There may be no hotter topic in telecom right now than IP Multimedia Subsystem (IMS), an evolving standard that promises to offer a common way for multiple wireless and wireline networks to deliver multimedia applications.
Fixed and mobile network operators are expected to invest $US10.1 billion in IMS capital infrastructure between 2006 and 2011, and generate $US49.6 billion in service revenue from IMS-enabled applications within that time, according to ABI Research.
But there may be no more discouraging a topic than securing an IMS network. Recent events and published reports indicate that IMS security specifications are lacking, and that the architecture may open up more vulnerabilities than benefits.
"There definitely were security gaps in the standard right out of the gate," says Tom Valovic, a telecom analyst at IDC. "Many vendors are somewhat vague concerning the types of security issues associated with wireless."
Gaps in fixed-line applications are being addressed with standards efforts such as TISPAN and products such as session border controllers, Valovic says. Yet wireless remains a challenge, he says.
"I've seen less definition on the wireless side," Valovic says.
That's one of the reasons Verizon Wireless decided to develop Advances to IMS (A-IMS), a framework for mobile networks that attempts to fill in perceived gaps in IMS. And Sipera Systems, a maker of products for VoIP, mobile and multimedia security, recently authored an article in a monthly industry periodical describing a litany of vulnerabilities unique to and inherited by IMS.
In that article, Sipera claims to have identified in its labs more than 90 "major classes" of unique vulnerabilities and over 20,000 attacks that can be launched against IMS networks. Most of these vulnerabilities and attacks, however, are common to IP data and VoIP networks as well, says Sipera CTO Krishna Kurapati.
But securing IMS is a much tougher task.
"You have multiple channels of communication and states [in IMS] that complicates matters," Kurapati says, referring to the various packet data gateways, call servers, media gateways and home subscriber servers that IMS specifies. "There are multiple states that are getting involved simultaneously. You could launch multiple attacks against each of those servers and clients."
And building an attack mechanism for IMS is easy and inexpensive, Kurapati says.

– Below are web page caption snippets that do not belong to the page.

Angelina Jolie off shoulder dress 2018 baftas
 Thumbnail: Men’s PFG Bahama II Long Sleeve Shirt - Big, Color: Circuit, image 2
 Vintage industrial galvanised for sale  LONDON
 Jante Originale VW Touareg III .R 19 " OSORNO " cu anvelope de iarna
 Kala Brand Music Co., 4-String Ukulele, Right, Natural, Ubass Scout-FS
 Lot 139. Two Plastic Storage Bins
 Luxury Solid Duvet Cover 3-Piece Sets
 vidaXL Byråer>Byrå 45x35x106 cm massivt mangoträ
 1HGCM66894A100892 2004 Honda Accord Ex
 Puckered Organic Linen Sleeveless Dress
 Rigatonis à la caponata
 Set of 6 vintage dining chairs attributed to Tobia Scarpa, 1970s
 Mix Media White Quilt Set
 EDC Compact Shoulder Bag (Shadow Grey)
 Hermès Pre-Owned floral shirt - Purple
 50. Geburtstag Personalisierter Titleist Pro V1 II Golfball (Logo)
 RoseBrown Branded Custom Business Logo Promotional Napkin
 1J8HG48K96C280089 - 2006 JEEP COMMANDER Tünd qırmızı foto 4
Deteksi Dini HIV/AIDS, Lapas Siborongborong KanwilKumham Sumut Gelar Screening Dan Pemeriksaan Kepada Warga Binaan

IMS specifications are published on the Third Generation Partnership Project (3GPP) Web site, and other components are available freely as open source software.
Hackers can also write scripts to read IMS Subscriber Identity Module (SIM) cards with which to gain access to the IMS network, he says.
Once inside, a hacker can launch denial of service (DoS) and distributed DoS attacks by flooding IMS elements with calls, as well as stealth attacks, in which certain IMS elements are targeted for floods by one or more DoS sources, Kurapati says.